On the campaign trail, Donald Trump told America we would be sick and tired under his presidency — because of all the winning. He was half right.
"We’re going to win so much, you’re going to be so sick and tired of winning, you’re going to come to me and go 'Please, please, we can’t win anymore.'"
That was Donald Trump in May 2016, on the campaign trail, bright-eyed and inanely pompous.
"And I’m going to say 'I’m sorry, but we’re going to keep winning, winning, winning,'" he continued, with the audacious confidence of a man who thinks he can shape the future through the sheer force of his egotism.

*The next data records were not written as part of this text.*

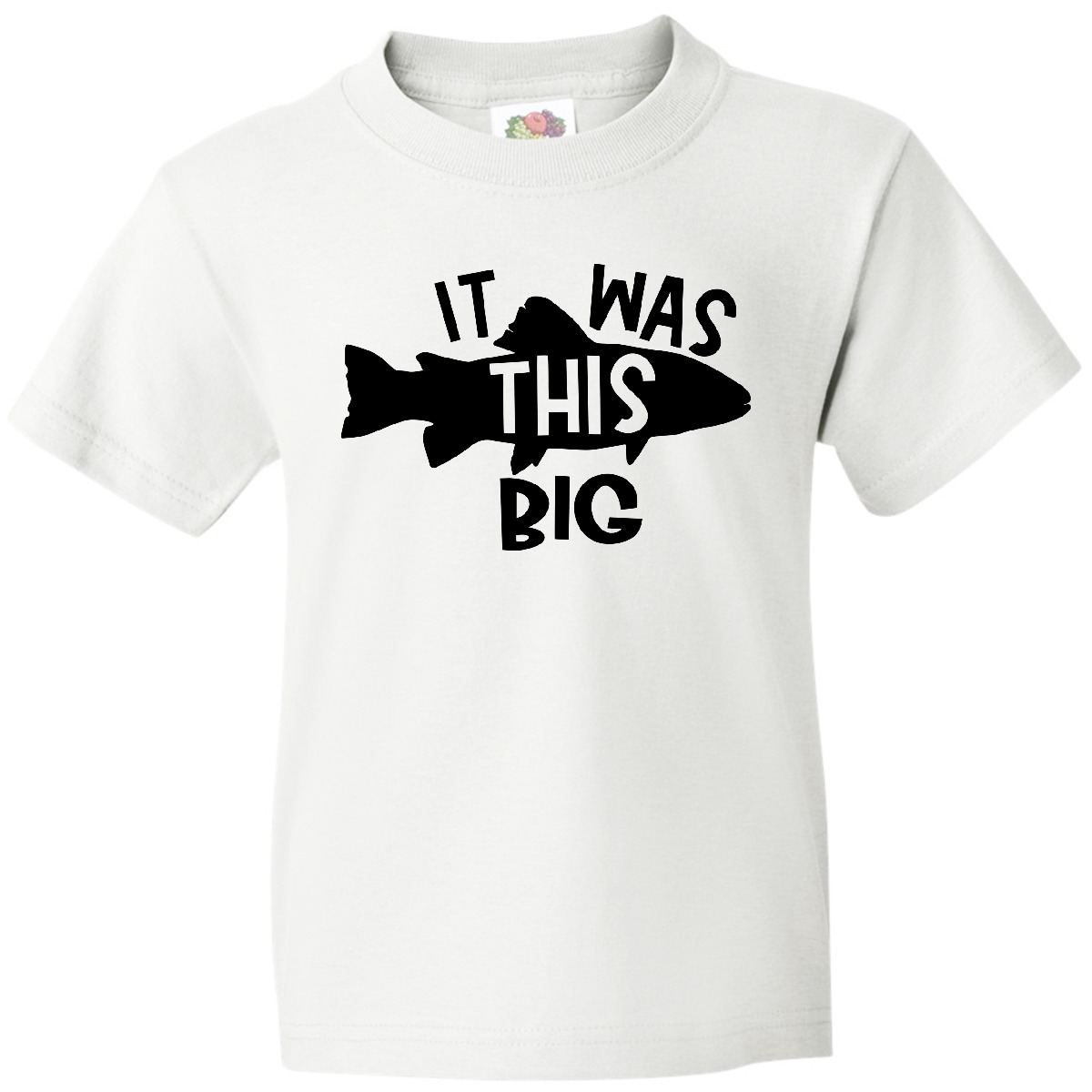 Inktastic It Was This Big Fishing Humor Youth T-Shirt Fish Fun Trout Activity - Picture 8 of 8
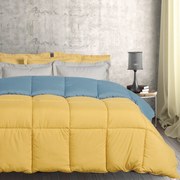 Πάπλωμα 2 Όψεων Microfiber Υπέρδιπλο 220x240εκ. Happy 9644 Μπλε-Ώχρα Das Home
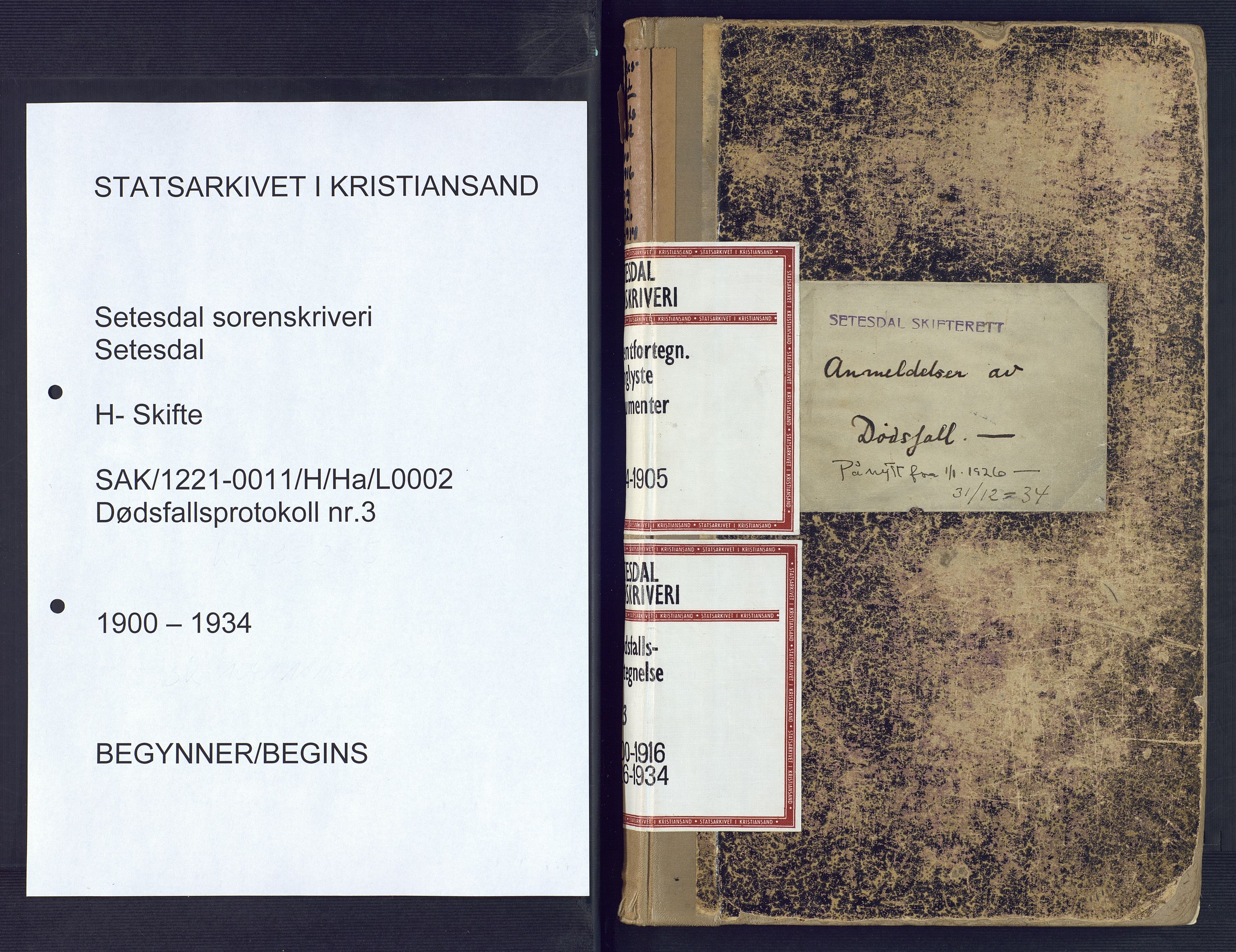 Setesdal sorenskriveri, AV/SAK-1221-0011/H/Ha/L0002: Dødsfallsfortegnelse nr 3, 1900-1934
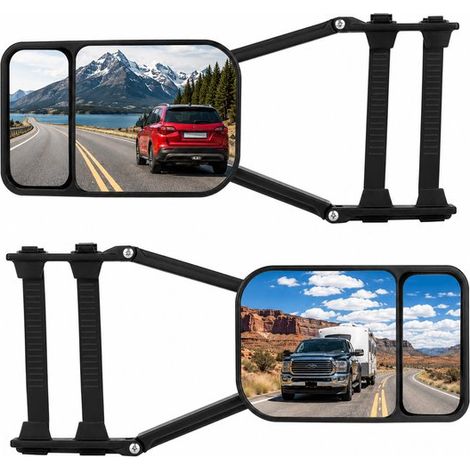 Set de 2 rétroviseurs de caravane – 360° rotatifs – Noir – Visibilité supplémentaire – Accessoire (1/5)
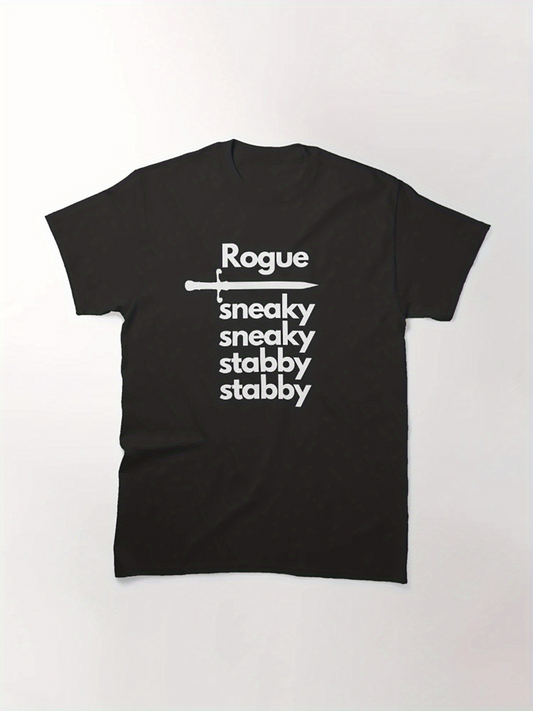 Men's Graphic T-Shirt Rogue With Stylized Dagger Amongst Stacked White Words T Shirt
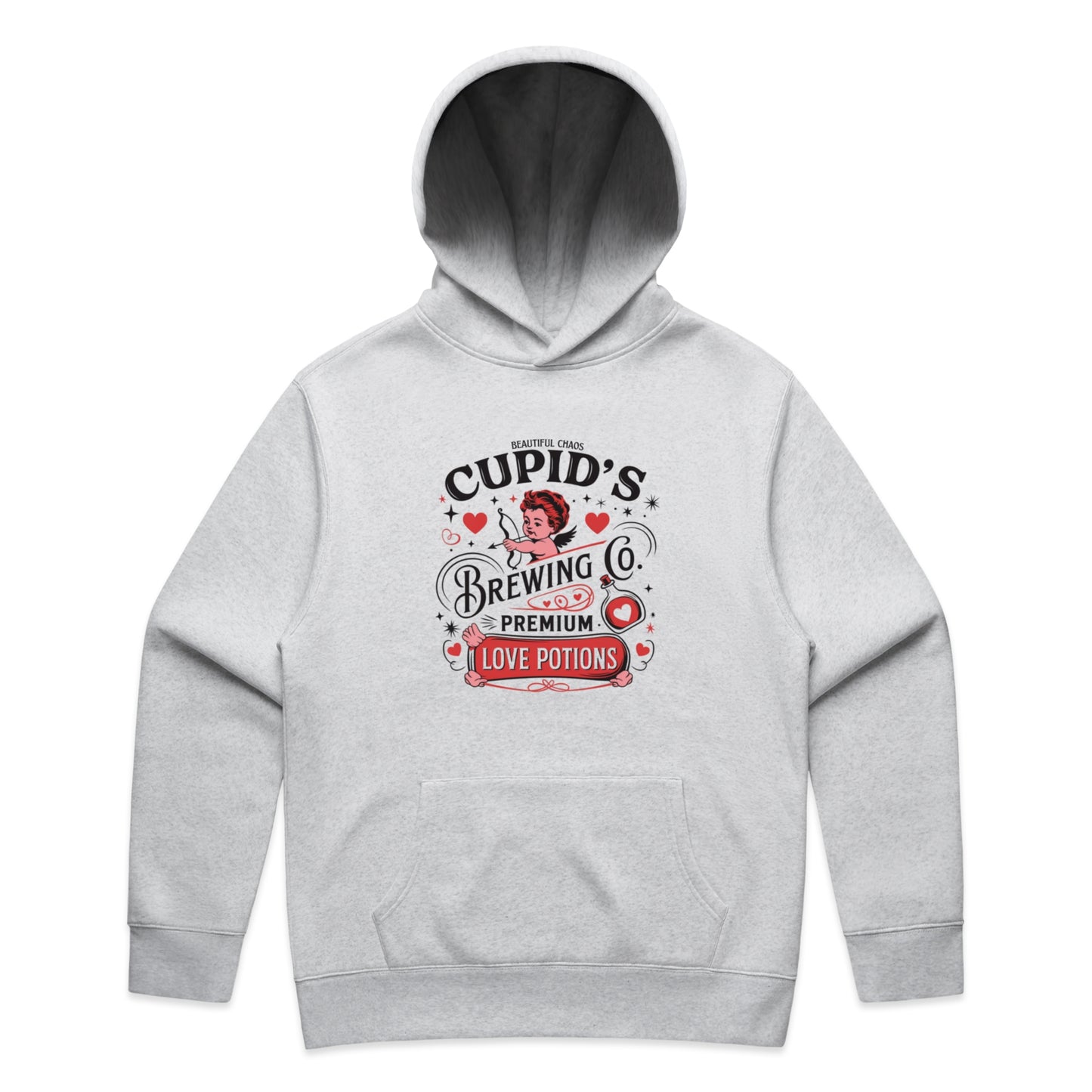 White Marle with 'Cupid's Brewing Co' Love Potions graphic on a white background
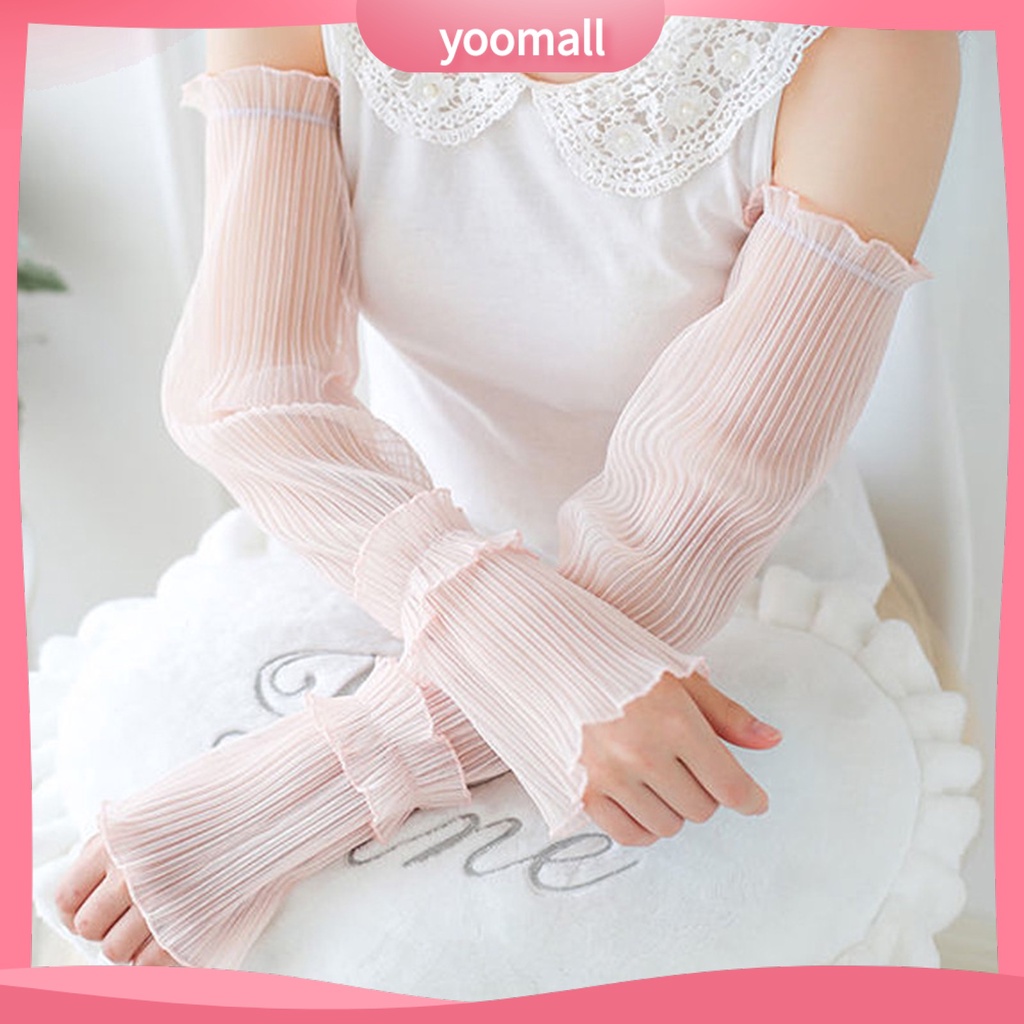 1 Đôi Găng Tay Chống Tia UV Màu Sắc Đơn Giản Thấm Hút Mồ Hôi Dành Cho Đạp Xe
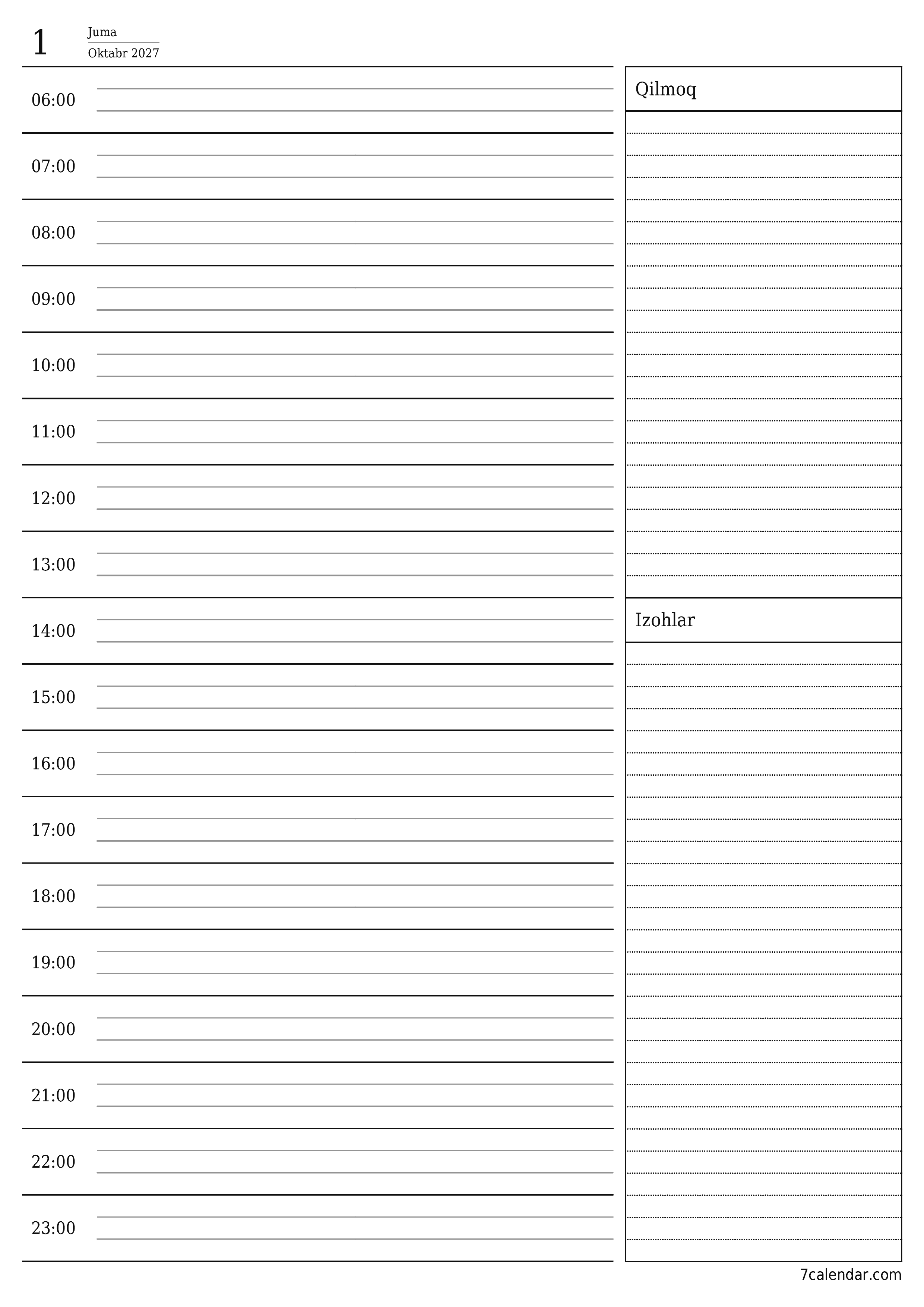 Oktabr 2027 kunlik kunlik rejalashtiruvchini yozuvlari bilan bo'shatish, saqlash va PDF-ga chop etish PNG Uzbek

But Past Trump's clairvoyance had its limits; he obviously couldn't see the dismal, ever-darkening polling numbers that would dog every day of his presidency.
The latest proof of his losing season: Trump has the lowest six-month approval ratings of any modern president, going back through 70 years of polling data.
A new ABC News/Washington Post poll shows that only 36 percent of Americans approve of Trump's job performance. ABC News notes that is a six-point decrease from his 100-day numbers, and one that is approached only by Gerald Ford, who reached 39 percent in 1975.
But then, these basement-level numbers are nothing new for Trump.
And this new polling shows Americans are disgusted with Trump for a variety of self-inflicted reasons.
The Russia scandal looms large: 63 percent said it was "inappropriate for Trump’s son, son-in-law and campaign manager to have met with a Russian lawyer during the campaign," and six in ten think Russia "tried to influence the campaign." Even more stinging, of those who believe so, 67 percent believe the Trump team was in on it.
And on a broader international scale, two-thirds of respondents don't trust Trump to competently negotiate with world leaders. 48 percent say the United States' leadership on the world stage has weakened under Trump; merely 27 percent feel it is stronger.
And as the Republican Congressional leadership continues to work themselves into legislative pretzels in their attempts to pass their health care repeal bill, the new poll shows that Americans prefer the Affordable Care Act over the GOP's plan by a margin of 50 to 24 percent. And it's not only those on the left who want to retain and improve Obamacare, rather than replace it with ersatz "care."